* Work request
Working through the data below, reproduce word for word the line with "Arret de car louans à Tauxigny-Saint-Bauld" and every line after it, both ends included, and omit the pictures.

(Short web captions)
»»
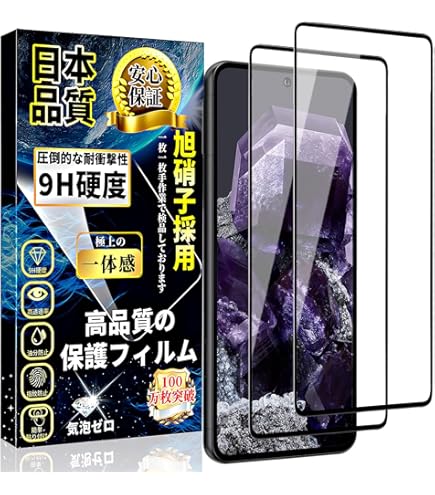Amazon.co.jp: PDA工房 Google Pixel 8 対応 9H高硬度[光沢] 保護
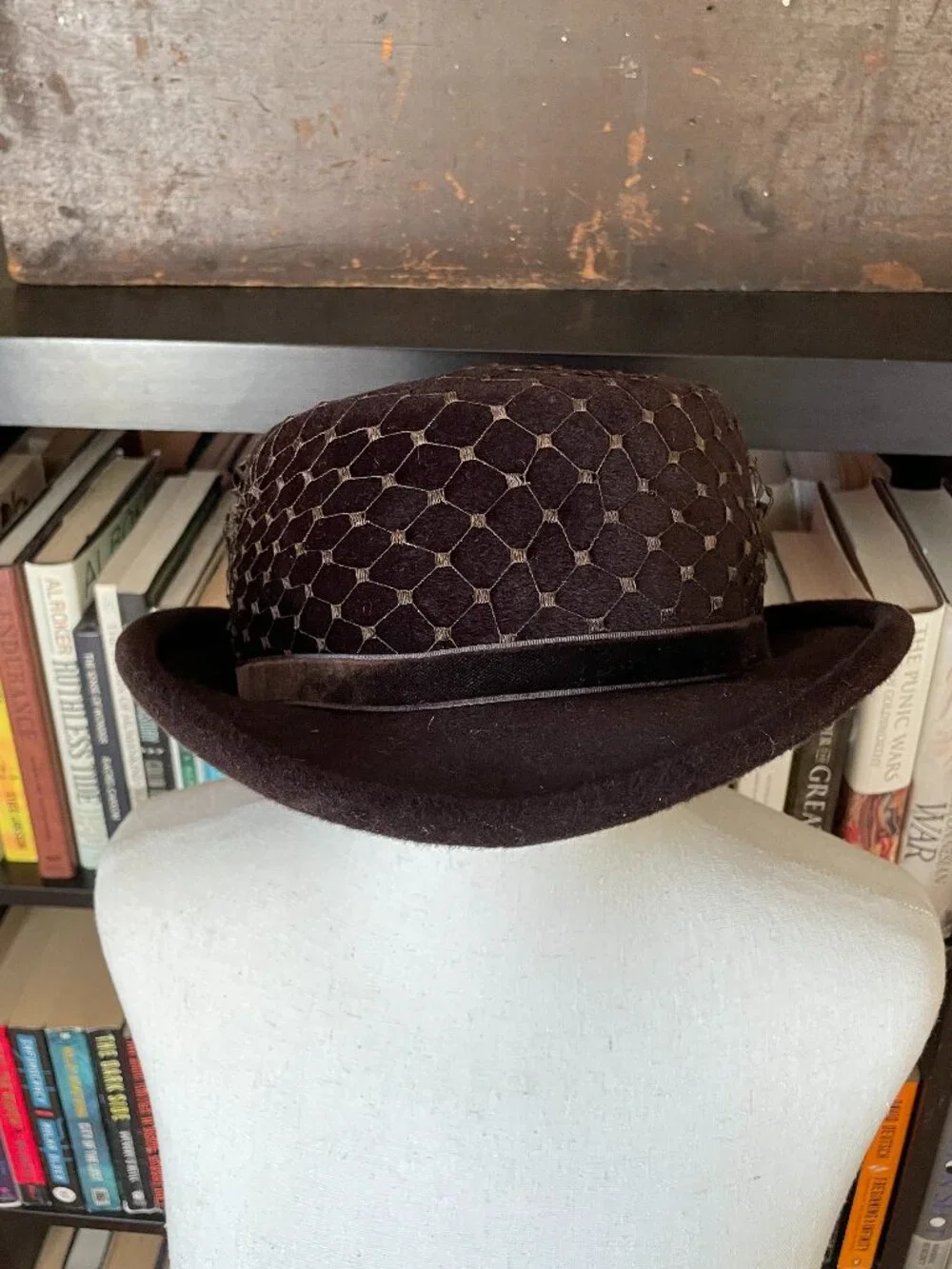 vintage hat - Picture 4 of 7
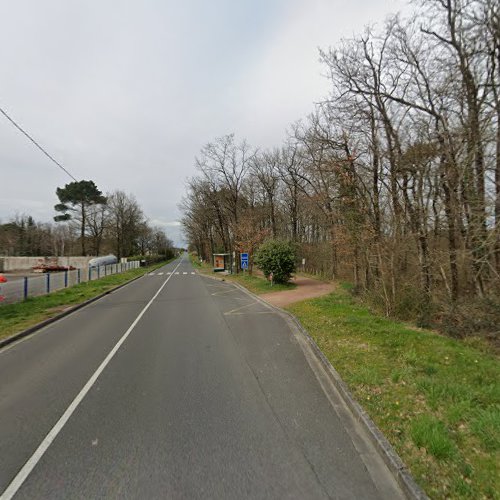 Arret de car louans à Tauxigny-Saint-Bauld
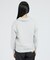 【Healthknit/ヘルスニット】クラシックスウェット レースアップカラー長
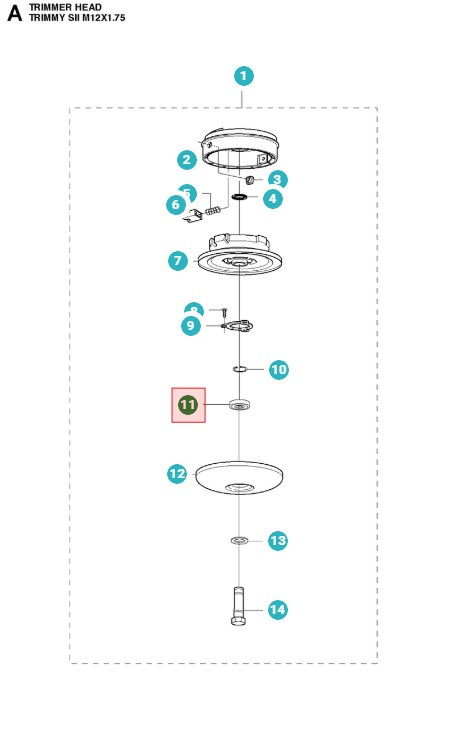 Kugleje 17X35X10 2Rs1 Skf 60 7382103-04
««
* Problem solution
 Arret de car louans à Tauxigny-Saint-Bauld
 【Healthknit/ヘルスニット】クラシックスウェット レースアップカラー長
 Kugleje 17X35X10 2Rs1 Skf 60 7382103-04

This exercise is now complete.